The Oath – Comedian Ike Barinholtz makes his feature directing debut and stars with Tiffany Haddish in a satire about a politically-divided family’s awkward Thanksgiving dinner set against the backdrop of a slightly dystopian exaggeration of current events. Critics were split on the movie. Our Deirdre had plenty of company in finding it heavy-handed and not nearly funny enough. Others were amused enough by the jokes that do land to forgive the ones that don’t.

Greta – The last film director Neil Jordan had in theaters was the little-seen 2012 vampire drama Byzantium. He returned briefly this year with a B-movie thriller about a lonely piano teacher (Isabelle Huppert) who becomes psychotically obsessed with a friendly young do-gooder (Chloë Moretz). Reviews were mixed to negative, with the most favorable enjoying it as camp.

Climax – The latest cinematic provocation from Gaspar Noé (Irreversible, Enter the Void) witnesses a French dance troupe led by Sofia Boutella experiencing a shared bad drug trip when someone spikes their sangria bowl with hallucinogens. At TIFF last year, Phil was impressed by the filmmaker’s signature wild stylization, but found the content hollow and strangely restrained by Noé’s standards. That’s probably a good thing if it means no POV shots of actors splooging into the camera lens in 3D.

Lords of Chaos – Based on a true story, Rory Culkin stars as young Norwegian guitarist whose quest to bring death metal to Oslo in the late 1980s/early ’90s went violently wrong. Described as disturbing and frequently unpleasant, the film seems designed to be as divisive as the music genre at its core.

Catalog Titles

The Criterion Collection continues its partnership with David Lynch by bringing his controversial 1986 psychosexual thriller Blue Velvet into the fold. The movie already had an excellent Blu-ray release back in 2011, and the Criterion copy doesn’t appear to add much to it other than a few new bonus features. From early reports, even the new 4k video remaster looks pretty much the same as the older disc. However, if Criterion is going to maintain a relationship with Lynch, the label couldn’t exactly ignore his masterpiece. I hold out hope that this will lead to Criterion attention for some of his neglected works, especially 1999’s The Straight Story.

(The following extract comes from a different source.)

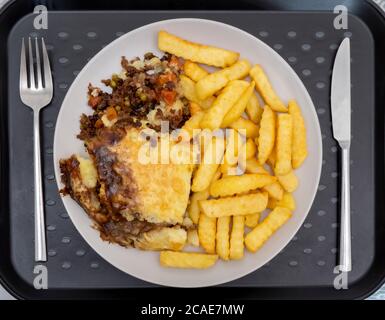 Nahaufnahme POV über dem Kopf Aufnahme von einem Messer und Gabel neben einem Teller auf einem Tablett, von heißen Cottage Pie mit Gemüse, begleitet von Chips / Pommes. Stockfoto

Also from Criterion is Agnès Varda’s 1977 drama One Sings, the Other Doesn’t, about two women’s friendship during the turbulent feminist movement in 1970s France. The new digital master was reportedly supervised by the filmmaker prior to her recent death.

Formerly a Twilight Time title, Sony has reclaimed Steel Magnolias (the 1989 original) for a reissue under its own label. Sony follows that with Tommy Lee Jones’ directorial debut, the 2005 neo-Western The Three Burials of Melquiades Estrada.

It’s hard for me to gauge whether the 1995 comedy To Wong Foo, Thanks for Everything! Julie Newmar, which invited audience to laugh at the spectacle of masculine actors Wesley Snipes, Patrick Swayze, and John Leguizamo playing drag queens, should be viewed as an ahead-of-its-time celebration of gender non-conformity, or as offensive cultural appropriation. We’ll let Shout! Factory sort that out as it adds the film to its Shout Select line along with the campy 1968 Tennessee Williams adaptation Boom!, starring Elizabeth Taylor and then-husband Richard Burton.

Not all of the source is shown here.